Wir können aktuell nichts ausschliessen. Auch deliktisches Verhalten oder Fehler stehen im Raum.
Letzte Woche wurde der Verlust intern bekannt. Dies, nachdem sich das Initiativ-Komitee über den Stand der Unterschriftenkontrolle erkundigt hatte. Bisher waren die Nachforschungen allerdings erfolglos: «Wir wissen nicht, was passiert ist», sagt Stadtschreiberin Claudia Mannhart.
«Wir können aktuell nichts ausschliessen. Auch deliktisches Verhalten oder Fehler stehen im Raum», so Mannhart. Deshalb werde momentan auch eine Anzeige gegen Unbekannt erwogen. Zuerst müsse nun geklärt werden, wie man mit dieser Situation umgehe, so die Stadtschreiberin. Dazu gehöre auch, die internen Abläufe zu untersuchen.
Kein vergleichbarer Fall bekannt
«Mir ist kein vergleichbarer Fall bekannt, bei dem Unterschriften zwar eingegangen sind, aber nicht beglaubigt werden konnten.» Die Stadtkanzlei prüfe derzeit die rechtlichen Möglichkeiten, wie die Situation gelöst werden könne, so Mannhart. Also, ob beispielsweise die Frist für das Sammeln der Unterschriften verlängert wird.
Wir erwarten, dass diese 1600 Unterschriften, die wir gesammelt haben, für gültig erklärt werden.
Und was sagen die Verantwortlichen des betroffenen Initiativkomitees dazu? «Es ist skandalös, dass so etwas passieren kann», sagt Stefan Wüthrich, Co-Präsident Gewerkschaftsbunds Stadt Bern und Umgebung. Die Stadt müsse die Konsequenzen für die Verletzung dieser Sorgfaltspflicht tragen. Auch um Schaden von der direkten Demokratie abzuwenden.
Die Forderung des Komitees ist klar: «Wir erwarten, dass diese 1600 Unterschriften, die wir gesammelt haben, für gültig erklärt werden», so Wüthrich. Es dürfe nicht sein, dass das Komitee völlig unverschuldet gezwungen werde, rund 30 Prozent der notwendigen Unterschriften ein zweites Mal zu sammeln.
Gesammelt worden seien sie von den Organisationen, die im Initiativkomitee vertreten seien, und nicht von kommerziellen Dienstleistern. Zum Komitee gehören SP, Grünes Bündnis, Grüne Freie Liste und Gewerkschaftsbund Stadt Bern und Umgebung.
5000 Unterschriften nötig in Bern
Die Initiative verlangt, dass in Bern künftig niemand mehr unter 23.80 Franken pro Stunde verdienen soll.
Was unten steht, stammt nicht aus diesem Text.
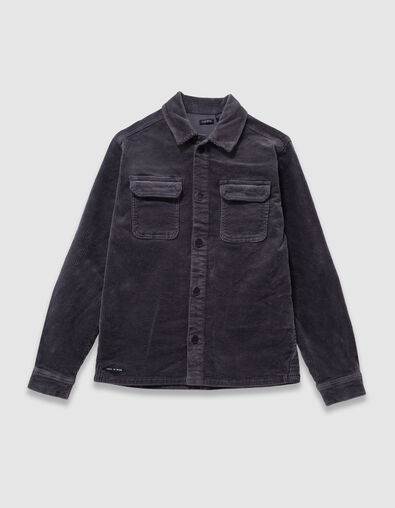 Camisa manga larga gris pana ni&ntilde;o - IKKS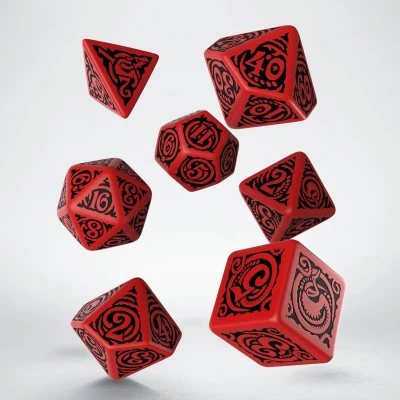 Afbeelding van Q WORKSHOP QWOCTN62 Call of Cthulhu The Outer Gods Nyarlathotep RPG Ornamented Dice Set 7 Polyhedral Pieces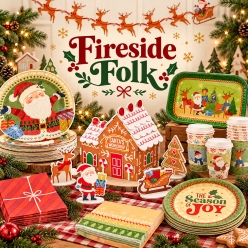 Fireside Folk Christmas Theme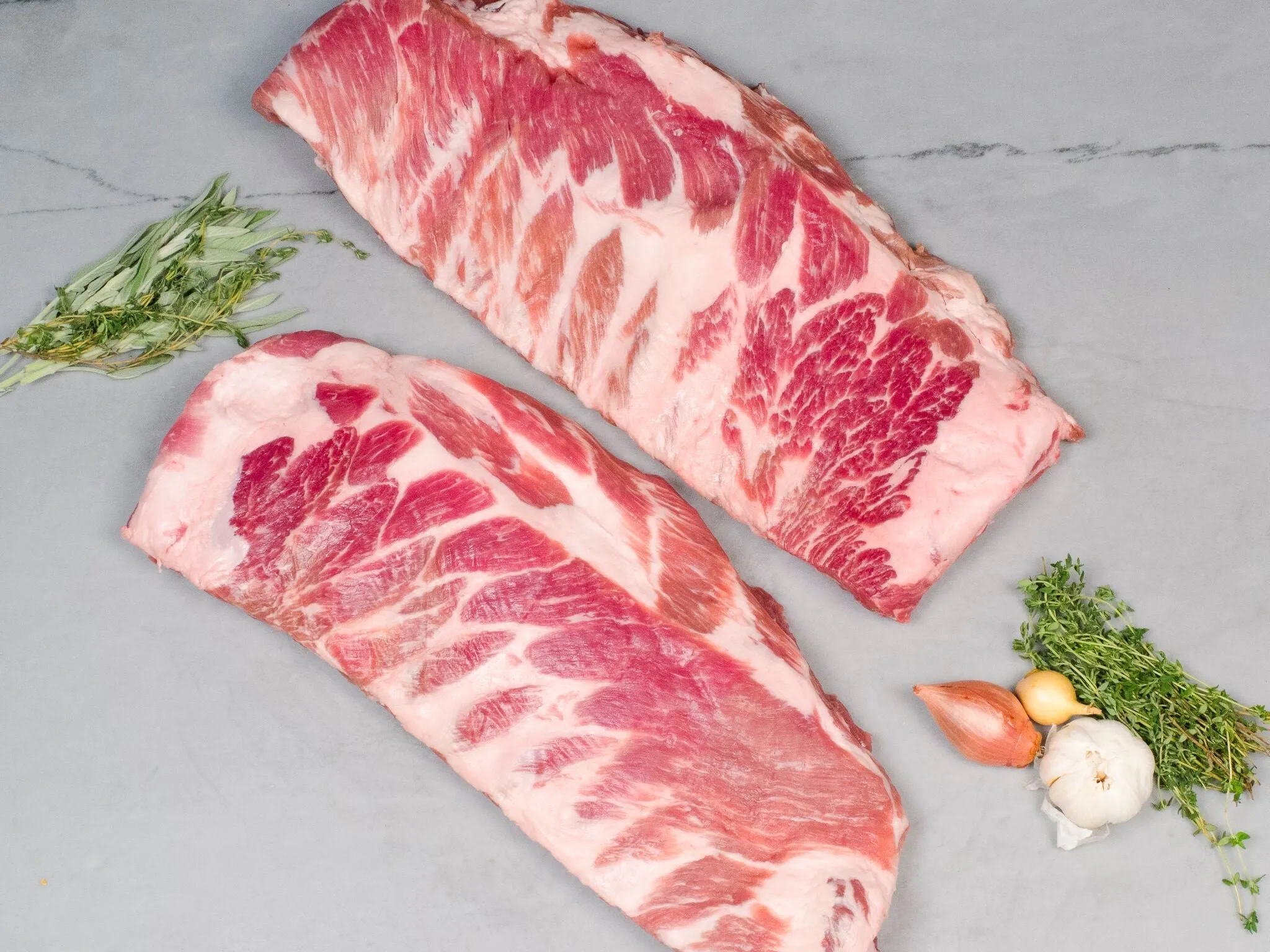 DUROC SPARE RIBS, 10-11lb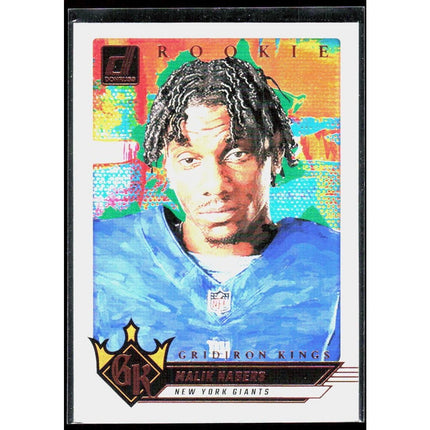 Malik Nabers 2024 Donruss Rookie Gridiron Kings #11 New York Giants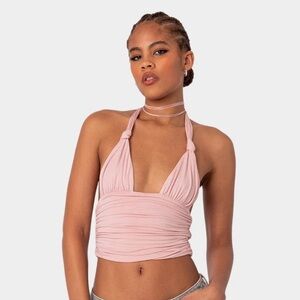 Edikted Lillie Knotted Halter Top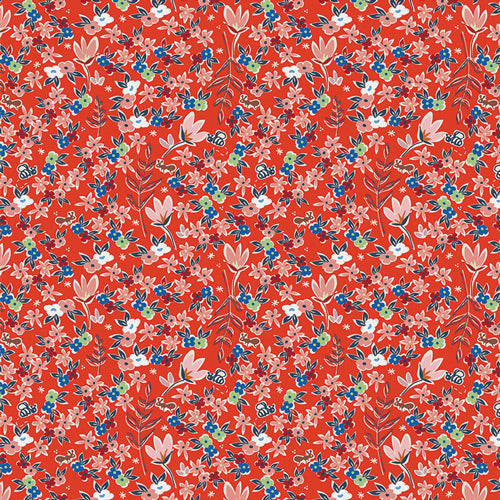 Garden of Dreams - Crimson - Art Gallery Fabrics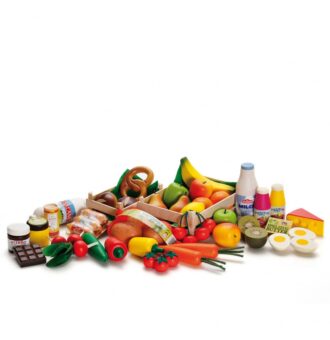 Set alimente de jucarie - lemn - Big Box - Erzi Germania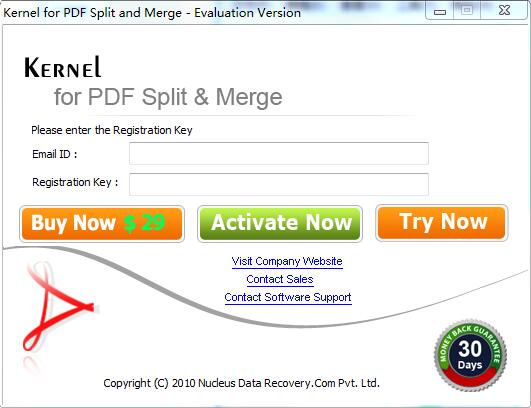 kernel for PDF split and Merge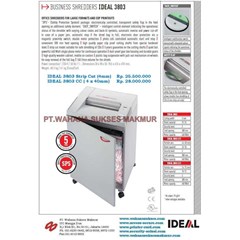 ideal 3803 paper shredder medium big ; mesin penghancur kertas ideal 3803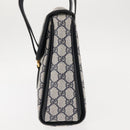 GUCCI GG Supreme Hand Bag PVC Leather Navy Auth BA6754-3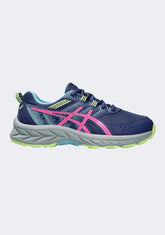 Asics Girls Pre Venture 9 Shoes In Deep Ocean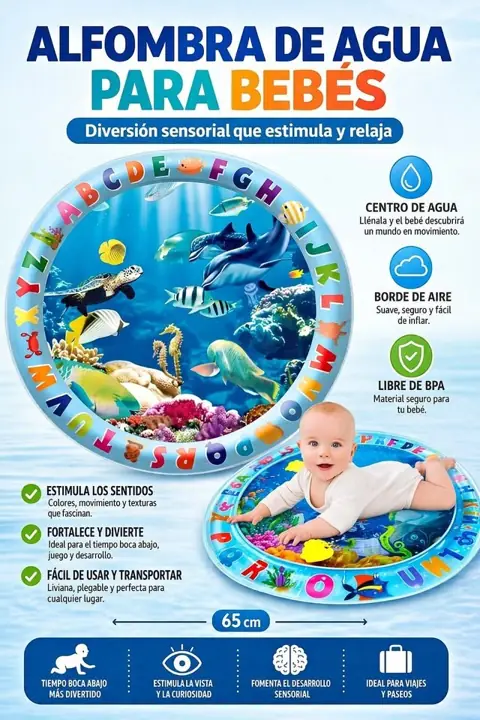 Alfombra inflable 65X65CM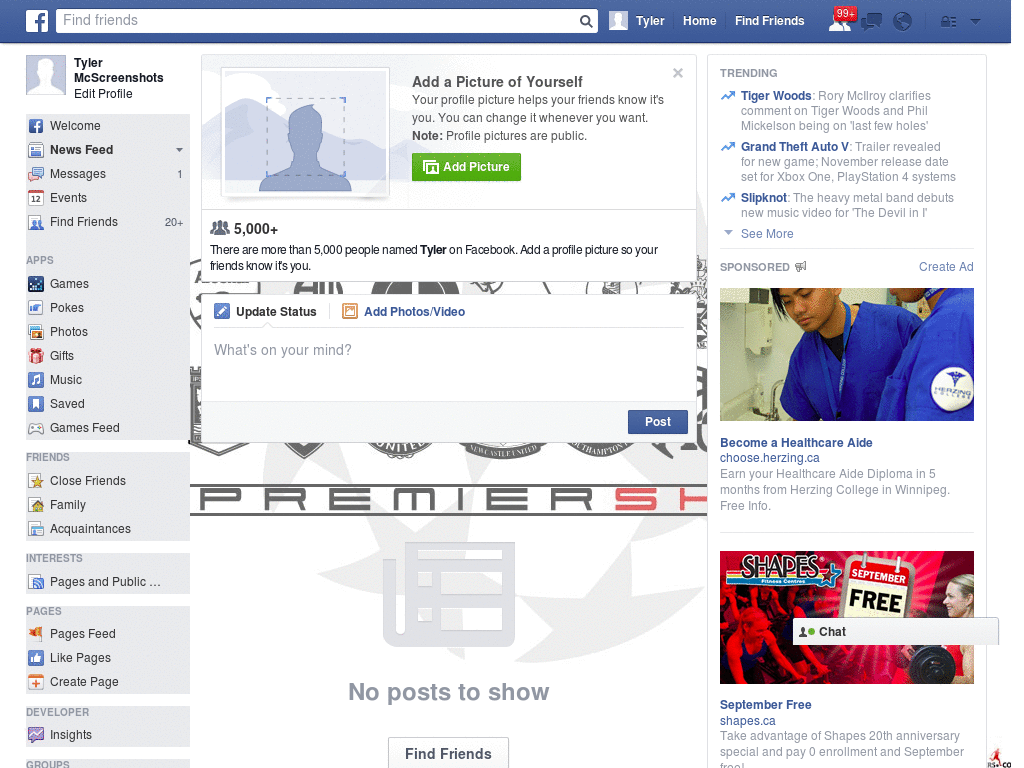Excelent Facebook Layout (10135)
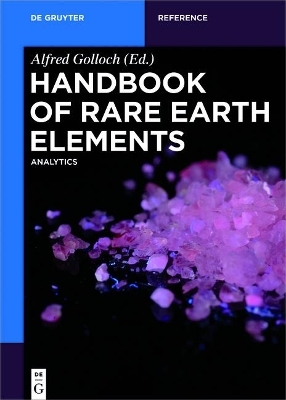 Handbook of Rare Earth Elements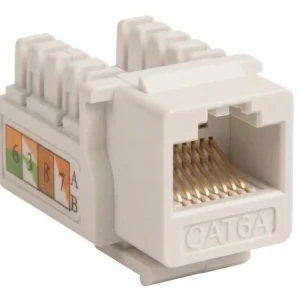 Conector Keystone Jack Categoría 6A UTP.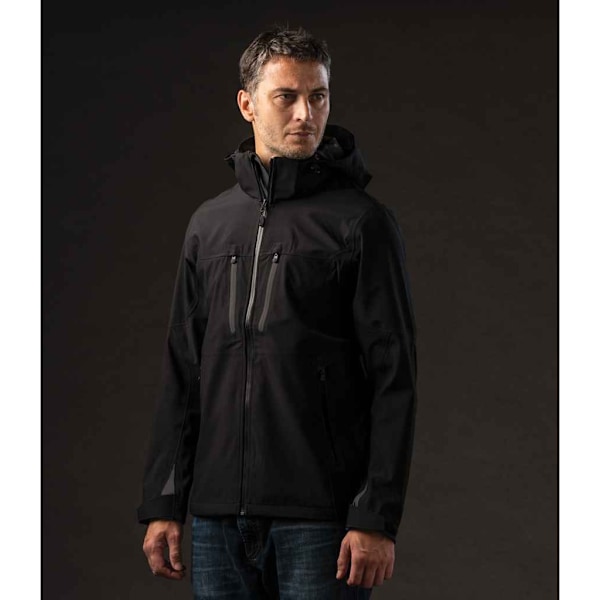 Stormtech Patrol Herr Huvtröja Softshell Jacka S Svart/Kolfärgad Black/Carbon S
Für das Zustandekommen einer Initiative in der Stadt Bern braucht es insgesamt 5000 gültige Unterschriften. Die Initiative wurde am 1. Mai lanciert, damit endet die Frist für die Unterschriftensammlung am 1. November.
Ob diese Frist verlängert wird oder ob die verloren gegangenen Unterschriften für gültig erklärt werden, ist noch unklar.